C’est dans ce contexte que prennent sens les hausses de tarifs continuelles d’Hydro-Québec. Toutefois, bien que le prix de l’électricité ait augmenté de 20,4% entre 2004 et 2013, il est possible que la hausse des tarifs d’électricité atteigne plus de 5% l’an prochain.4 Dans cette même optique, on critique dans l’ouvrage «Les mauvais coûts d’Hydro-Québec» que les tarifs d’Hydro-Québec pour les grandes entreprises soient moins chers que les tarifs résidentiels.5 Dans les faits, les client·e·s d’Hydro-Québec sont loin d’être égaux et égales par rapport à ses transformations de structure de prix. Le “Maitres chez nous” de 1962 prend tout son sens: on veut créer des maîtres et des possédants aux dépens des communautés autochtones et des plus démuni·e·s. Hydro-Québec est la créature d’un État capitaliste et donc sa visée est la croissance économique, peu importe ceux et celles qui en souffrent.

C’est pourquoi on va de l’avant avec de nouvelles constructions comme le projet dans le nord-est de la Colombie-Britannique qui comprend la construction et l’exploitation d’un barrage hydro-électrique de 1 100 mégawatts sur la rivière de la Paix. C’est le simple résultat d’un système économique capitaliste. Sur le long terme, chaque alternative connue telle que l’énergie solaire, les éoliennes, la biomasse et la géothermie ont plus de bénéfices que l’hydro-électricité.6 Évidemment, toutes ces options ne sont pas sans impacts aucuns, mais elles valent assurément la peine d’être considérées même si elles ne sont pas aussi lucratives. Malgré tout, on continue de voler des terres pour la construction de projets coûteux qui produisent de l’énergie faussement propre. On est prisonnier·ère·s et impuissant·e·s face aux décisions prises en silo d’une élite d’individus politiques qui est menée par une logique économique où le profit à court terme est privilégié. Ça semble fataliste comme vision de l’avenir, mais justement, comment peut-on apprendre de nos erreurs et ne pas reproduire de telles bourdes comme celle de la Romaine-4 où l’on produit à perte de l’électricité7 tout en sabotant l’environnement et les ressources des communautés innues, en passant outre leur souveraineté territoriale et en continuant de fournir énergétiquement de grandes industries extractives à faible coût? Toutefois, le problème n’est pas tant dans la production énergétique que dans son usage.
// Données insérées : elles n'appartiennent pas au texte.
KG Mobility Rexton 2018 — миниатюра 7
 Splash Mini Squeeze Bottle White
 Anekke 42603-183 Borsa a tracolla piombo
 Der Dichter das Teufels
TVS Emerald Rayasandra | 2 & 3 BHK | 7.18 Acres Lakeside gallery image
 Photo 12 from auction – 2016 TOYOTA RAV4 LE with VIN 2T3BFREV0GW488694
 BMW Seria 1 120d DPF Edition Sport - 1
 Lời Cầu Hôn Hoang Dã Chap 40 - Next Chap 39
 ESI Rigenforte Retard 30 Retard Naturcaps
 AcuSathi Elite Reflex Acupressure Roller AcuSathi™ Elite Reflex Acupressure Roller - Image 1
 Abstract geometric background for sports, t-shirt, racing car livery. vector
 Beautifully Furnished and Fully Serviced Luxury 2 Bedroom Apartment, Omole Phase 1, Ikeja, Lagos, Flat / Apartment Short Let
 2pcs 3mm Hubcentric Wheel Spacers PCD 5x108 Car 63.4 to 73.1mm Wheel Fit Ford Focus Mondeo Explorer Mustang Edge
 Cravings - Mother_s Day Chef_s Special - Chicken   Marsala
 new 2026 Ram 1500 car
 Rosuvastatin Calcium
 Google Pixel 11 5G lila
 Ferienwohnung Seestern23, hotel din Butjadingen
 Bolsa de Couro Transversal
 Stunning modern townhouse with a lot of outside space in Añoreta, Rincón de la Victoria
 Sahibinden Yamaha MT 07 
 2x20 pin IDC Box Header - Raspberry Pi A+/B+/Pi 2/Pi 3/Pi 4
En effet, il est également incompréhensible qu’on ne se questionne pas plus sur nos besoins de consommation et de production. Il est grand temps de détruire le mythe de l’hydroélectricité «propre» puisqu’au final, cette électricité alimente des entreprises extrêmement polluantes et destructrices. La solution la plus prometteuse pour notre planète semble être une combinaison de plusieurs énergies vertes qui pourraient fournir en électricité ce que les individus consomment, mais d’abord, s’attaquer au système qui priorise les profits au détriment de la santé des écosystème et des communautés. Questionnons-nous à savoir si nous avons réellement besoin de produire autant, sinon plus d’hydro-électricité plutôt que de simplement envisager de réduire notre consommation individuelle et de modifier notre mode de vie.

 

Notes:

1. Voir: https://www.erudit.org/fr/revues/raq/2008-v38-n2-3-raq3864/039803ar/

2. https://ici.radio-canada.ca/nouvelle/552496/route-138-bloquee-innus-mali...

3. https://www.nonauxhausses.org/wp-content/uploads/DocumentHQ.pdf

4. https://ici.radio-canada.ca/nouvelle/1867518/tarifs-hydro-quebec-hausse-...

5. Breton, Gaétan; Blain, Jean-François, « Les mauvais coût d’Hydro- Québec », Éditions Varia, Fonds,1999,184p.